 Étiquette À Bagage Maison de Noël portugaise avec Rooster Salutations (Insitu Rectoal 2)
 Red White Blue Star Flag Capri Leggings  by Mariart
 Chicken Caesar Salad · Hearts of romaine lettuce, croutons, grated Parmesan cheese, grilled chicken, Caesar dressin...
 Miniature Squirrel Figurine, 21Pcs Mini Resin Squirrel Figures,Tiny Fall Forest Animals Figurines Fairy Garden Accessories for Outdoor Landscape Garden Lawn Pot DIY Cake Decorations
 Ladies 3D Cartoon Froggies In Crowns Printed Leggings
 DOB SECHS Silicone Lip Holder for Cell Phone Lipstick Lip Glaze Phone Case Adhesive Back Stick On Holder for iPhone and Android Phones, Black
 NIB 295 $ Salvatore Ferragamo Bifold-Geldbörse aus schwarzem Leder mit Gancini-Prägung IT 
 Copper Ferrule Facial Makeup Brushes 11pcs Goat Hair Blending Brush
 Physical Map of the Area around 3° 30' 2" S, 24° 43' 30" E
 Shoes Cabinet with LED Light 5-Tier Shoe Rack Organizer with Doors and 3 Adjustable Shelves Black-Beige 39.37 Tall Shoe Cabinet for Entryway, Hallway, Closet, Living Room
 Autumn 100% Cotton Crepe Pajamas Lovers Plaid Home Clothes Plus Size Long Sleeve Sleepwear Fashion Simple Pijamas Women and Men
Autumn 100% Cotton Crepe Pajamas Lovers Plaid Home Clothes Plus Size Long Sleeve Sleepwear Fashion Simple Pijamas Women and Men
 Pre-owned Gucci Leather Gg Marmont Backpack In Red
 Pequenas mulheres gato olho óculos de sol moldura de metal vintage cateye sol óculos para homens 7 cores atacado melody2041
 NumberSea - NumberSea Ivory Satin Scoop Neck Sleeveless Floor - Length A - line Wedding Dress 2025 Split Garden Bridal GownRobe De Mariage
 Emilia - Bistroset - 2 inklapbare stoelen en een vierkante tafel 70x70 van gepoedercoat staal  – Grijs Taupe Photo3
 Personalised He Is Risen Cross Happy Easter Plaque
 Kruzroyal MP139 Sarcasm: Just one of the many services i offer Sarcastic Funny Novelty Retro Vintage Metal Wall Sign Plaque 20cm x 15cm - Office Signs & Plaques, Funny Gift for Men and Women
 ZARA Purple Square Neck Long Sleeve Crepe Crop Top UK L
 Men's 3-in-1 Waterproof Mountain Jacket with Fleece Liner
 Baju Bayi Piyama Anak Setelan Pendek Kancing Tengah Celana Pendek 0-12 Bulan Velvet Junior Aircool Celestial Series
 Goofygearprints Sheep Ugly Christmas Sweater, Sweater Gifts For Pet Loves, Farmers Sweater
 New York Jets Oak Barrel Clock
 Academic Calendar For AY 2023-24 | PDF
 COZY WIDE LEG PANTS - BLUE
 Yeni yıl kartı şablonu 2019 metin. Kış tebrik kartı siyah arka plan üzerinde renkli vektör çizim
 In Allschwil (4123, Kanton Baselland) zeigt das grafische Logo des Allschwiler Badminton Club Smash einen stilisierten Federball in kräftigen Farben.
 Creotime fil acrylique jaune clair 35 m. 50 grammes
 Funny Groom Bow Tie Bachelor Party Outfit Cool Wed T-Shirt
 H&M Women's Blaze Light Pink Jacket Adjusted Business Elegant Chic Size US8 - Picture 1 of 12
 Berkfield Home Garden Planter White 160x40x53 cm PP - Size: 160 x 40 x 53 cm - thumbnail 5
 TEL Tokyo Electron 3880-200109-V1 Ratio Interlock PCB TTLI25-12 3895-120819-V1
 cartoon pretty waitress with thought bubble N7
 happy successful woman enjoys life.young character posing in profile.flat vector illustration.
- - -
### [Work request]
The answer must be every line of the records that holds the string "Women".

### [Your response]
 Autumn 100% Cotton Crepe Pajamas Lovers Plaid Home Clothes Plus Size Long Sleeve Sleepwear Fashion Simple Pijamas Women and Men
Autumn 100% Cotton Crepe Pajamas Lovers Plaid Home Clothes Plus Size Long Sleeve Sleepwear Fashion Simple Pijamas Women and Men
 Kruzroyal MP139 Sarcasm: Just one of the many services i offer Sarcastic Funny Novelty Retro Vintage Metal Wall Sign Plaque 20cm x 15cm - Office Signs & Plaques, Funny Gift for Men and Women
 H&M Women's Blaze Light Pink Jacket Adjusted Business Elegant Chic Size US8 - Picture 1 of 12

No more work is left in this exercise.